34d. Therapeutic Strategies and Stage of Treatment
Although it is important to identify the patient’s defenses in order to understand how and why s/he operates as s/he does, the handling of defenses should change as sobriety continues and the focus of treatment changes.
Early on, ego defenses should be respected. They are the patient’s choices of ways to self-protect from unpleasant awarenesses and emotions. If they are confronted before the patient is ready to give them up, a crisis may be precipitated, and the increased stress could precipitate a relapse of drinking or drive the patient from treatment. Because the primary task of early treatment is to maintain sobriety, defenses which serve that goal should be supported and defenses that interfere should be confronted and challenged. At this time, the work is primarily behavioral management, and defenses should be evaluated relative to their usefulness in supporting behavioral tasks and participating in adjunctive care.
A second major goal at this time is to support defenses that operate in the service of adaptation and sobriety.
Later on, as the patient’s sobriety becomes more secure, work on the defenses is desirable, to help the patient become more flexible and adaptive. There also may be a change in the patient’s use of defenses as the effects of drinking leave the patient’s system and life style.

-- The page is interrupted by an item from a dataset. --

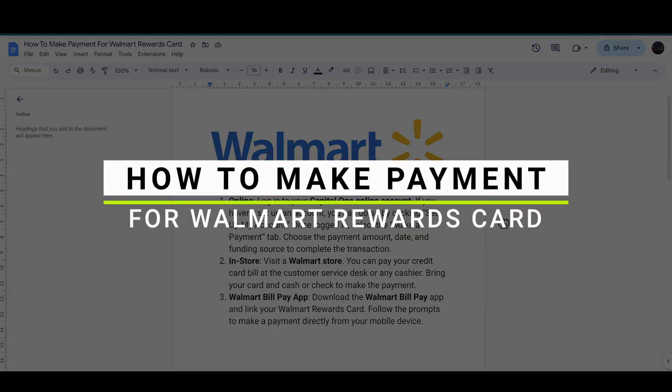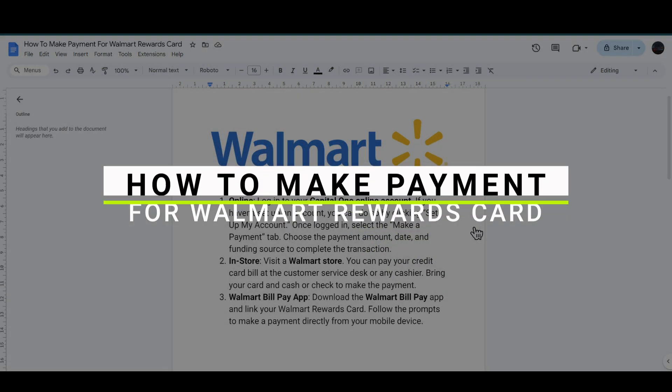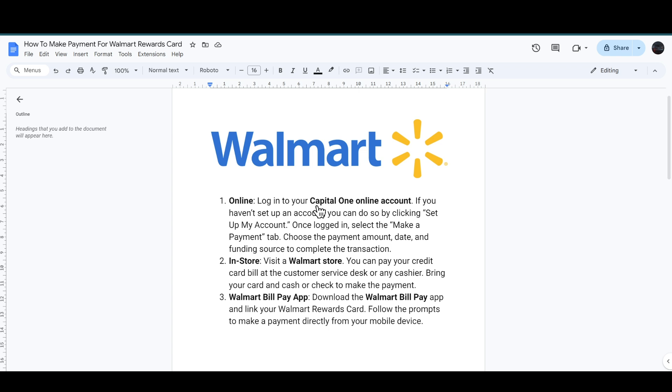How to make a payment for the Walmart Rewards Card. So let's get started. You have to log in to your Capital One online account, and if you have not set up an account, you can do so by clicking on 'Set Up My Account'. Once you log in, you have to select the 'Make a Payment' tab.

How you deal with denial and other defenses depends on many factors, including the patient’s motivation and trust in you, the stage of treatment, the patient’s personality, outside forces, and your own style.
ACTIVE ALCOHOLIC
Active alcoholics are generally considered to be poor candidates for psychotherapy, because their alcoholic defense interferes with the motivation to change. However, with some psychologically dependent or abusing patients, you may decide to treat the person and continue to press for abstinence. Mitigating qualities might include some insight, curiosity about motives, a spouse who is pressing for sobriety, prior therapeutic success, and so on.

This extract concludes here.